Linux, AWS EPYC 7R32 (64 vCPU), Linux 6.8.0-1027-aws, Mojo 0.26.3.0.dev2026041805, Go 1.24.13, nginx 1.25.3, wrk d40fce9. Same harness, same 5-run median with stdev ≤ 3% stability gate, different machine. Absolute req/s is not comparable across the two tables (different OS, scheduler, CPU), only the intra-platform ratios are. conda-forge ships an nginx binary on linux-64, so the Linux sweep adds nginx as an extra reference point.

Server Req/s (median) p50 p99 vs Go net/http
nginx (1 worker) 81,612 0.40 ms 0.79 ms 2.00x
flare (reactor) 79,965 0.78 ms 1.53 ms 1.96x
Go net/http (1 thread) 40,739 1.59 ms 3.10 ms 1.00x

On Linux flare sits within 2% of nginx's single-worker throughput and is about 1.96x Go net/http. The flare-vs-Go ratio is actually wider on Linux (1.96x vs 1.10x) because Go's scheduler and netpoll overhead is a bigger share of each request on the slower EPYC core than on an Apple M-series P-core. Absolute req/s is lower on EPYC for reasons independent of flare, see 1.
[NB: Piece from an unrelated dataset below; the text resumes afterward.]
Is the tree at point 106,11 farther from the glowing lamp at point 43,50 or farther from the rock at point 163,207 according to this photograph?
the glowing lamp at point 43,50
Reproduce locally (on either platform):

pixi run --environment bench bench-vs-baseline-quick   # flare vs Go only, ~7 min
pixi run --environment bench bench-vs-baseline         # + nginx + latency_floor, ~20 min

Methodology

The workload is the TechEmpower Framework Benchmarks plaintext test (type #6): GET /plaintext returning the 13-byte body Hello, World! with Content-Type: text/plain, HTTP/1.1 keep-alive on, no gzip, no logging. The workload spec lives at benchmark/workloads/plaintext.yaml. Plaintext measures the cost of request routing and response serialisation on its own, without any database, template, or JSON work.

Measurement rules:

  • Response-byte integrity: before any measurement round, each baseline is probed once and its response bytes are diffed against the workload spec. A target producing a different status, body length, or non-whitelisted header is rejected. Headers allowed to vary per target: Date, Server, Connection, Keep-Alive.
  • Pinned toolchains: Go and wrk versions are pinned in pixi.toml under [feature.bench.dependencies] so the comparison does not silently drift across machines.
  • Warmup and 5-run measurement: each (target, config) tuple runs one 10 s warmup followed by five 30 s measurement rounds. The median of the middle three is reported. The run fails the stability gate if stdev exceeds 3%.
  • Load generator: wrk -t1 -c64 -d30s, one wrk thread, 64 keep-alive connections, 30 seconds per round. Server and wrk run on the same host over loopback. The load generator is always wrk, never ab or h2load, for consistency with published TFB-style numbers.
  • Per-run provenance: every run writes its own directory under benchmark/results/<yyyy-mm-ddTHHMM>-<host>-<git-sha>/ containing env.json (CPU model, OS, kernel tunables, exact toolchain versions), integrity.md, per-tuple result JSONs, summary.md, and raw wrk stdout under RAW/.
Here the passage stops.